Nehmen wir an, ich kaufe Kartoffeln, um aus ihnen Schnaps herzustellen. Ich bezahle die Kartoffeln erst, nachdem ich den Schnaps erzeugt, aber ehe ich den Schnaps verkauft. Wäre es nun nicht lächerlich, wenn ich behaupten würde, ich schösse dem Landmann den Preis seiner Kartoffeln vor, weil ich diese bezahlt, ehe ich den Schnaps verkauft? Nein, der Landmann kreditirt mir vielmehr den Preis seiner Kartoffeln, bis ich aus ihnen Schnaps erzeugt. Wenn ich sage, ich zahle baar, so sage ich damit, daß ich die Waare bezahle, sobald ich sie kaufe. Die Kaufleute würden sich sehr über die ökonomische Weisheit wundern, die behauptete, daß Derjenige, der ihre Waaren erst bezahlt, nachdem er sie verbraucht, nicht nur baar zahle, sondern ihnen sogar das Geld vorschieße. Den Arbeitern aber wagen die Vulgärökonomen dergleichen Unsinn immer noch vorzuschwätzen. Wenn den Arbeitern ihre Waare Arbeitskraft gegen baar abgenommen würde, müßte sie in dem Augenblick bezahlt werden, wo sie in den Besitz des Kapitalisten übergeht, also am Beginn jeder Woche, nicht an ihrem Ende. Bei dem heutigen System der Bezahlung riskiren nicht nur die Arbeiter ihren Lohn, sie sind auch gezwungen, auf Borg zu leben und deswegen alle Verfälschungen und Verschlechterungen der Lebensmittel durch die Zwischenhändler ruhig über sich ergehen zu lassen. Je länger die Periode der Lohnzahlung, desto schlimmer sind die Arbeiter daran. Eine vierzehntägige oder gar monatliche Lohnzahlung ist eine der drückendsten Lasten für den Lohnarbeiter.
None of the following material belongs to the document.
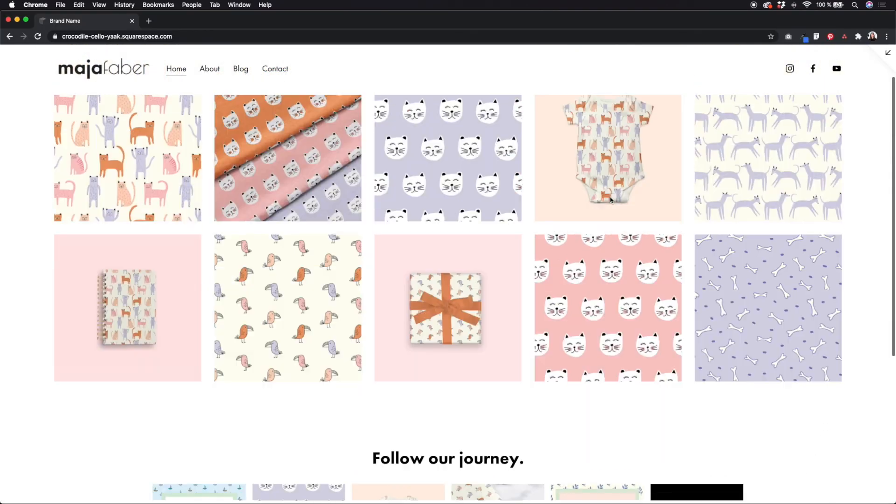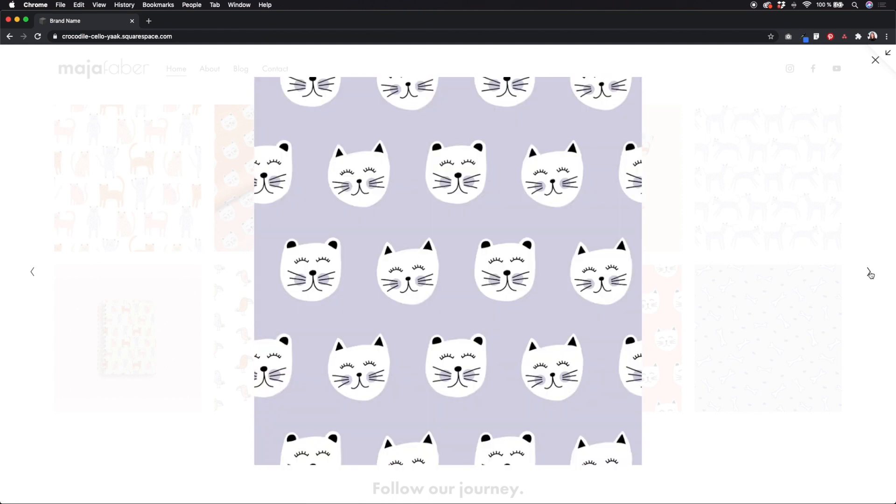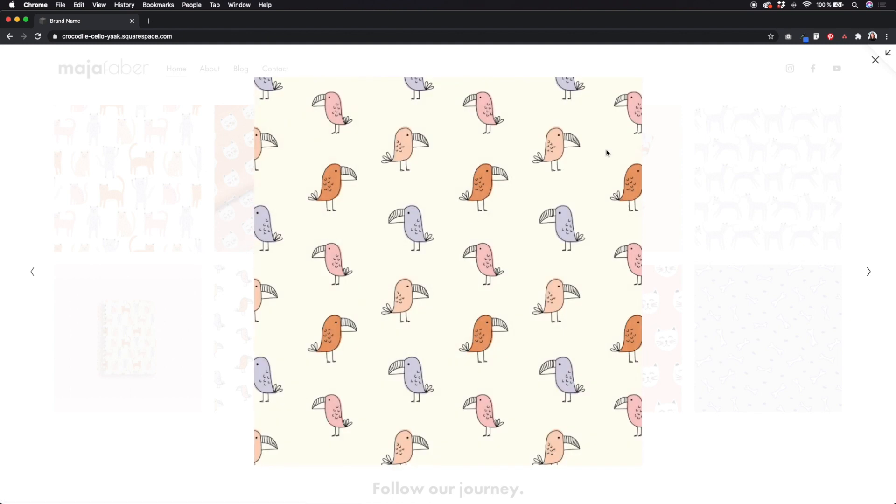Hey, I'm Maja Faber and I'm a surface pattern designer from Stockholm, Sweden. This is a class for creatives who wants to make a simple portfolio website. Your website is the base of your marketing online and to have a nice looking, functional website to present your work is a must nowadays.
Wie immer aber auch das System der Lohnzahlung sein möge, stets stehen Arbeiter und Kapitalist einander unter normalen Verhältnissen gegenüber wie zwei Waarenbesitzer, die gleiche Werthe gegenseitig austauschen. Das Kapital bewegt sich jetzt nicht mehr im Widerspruch gegen die Gesetze der Waarenzirkulation, sondern auf Grund dieser Gesetze. Arbeiter und Kapitalist stehen sich als Waarenbesitzer, also als freie und gleiche von einander persönlich unabhängige Personen gegenüber; sie gehören als solche zur selben Klasse, sie sind Brüder. Arbeiter und Kapitalist tauschen gleiche Werthe gegen einander aus: das Reich der Gerechtigkeit, der Freiheit, Gleichheit und Brüderlichkeit scheint also mit der Herrschaft des Lohnsystems angebrochen, das tausendjährige Reich des Glückes und Friedens. Der Jammer der Knechtschaft und der Tyrannei, der Ausbeutung und des Faustrechts liegt hinter uns.
So verkünden uns die gelehrten Vertreter der Interessen des Kapitals.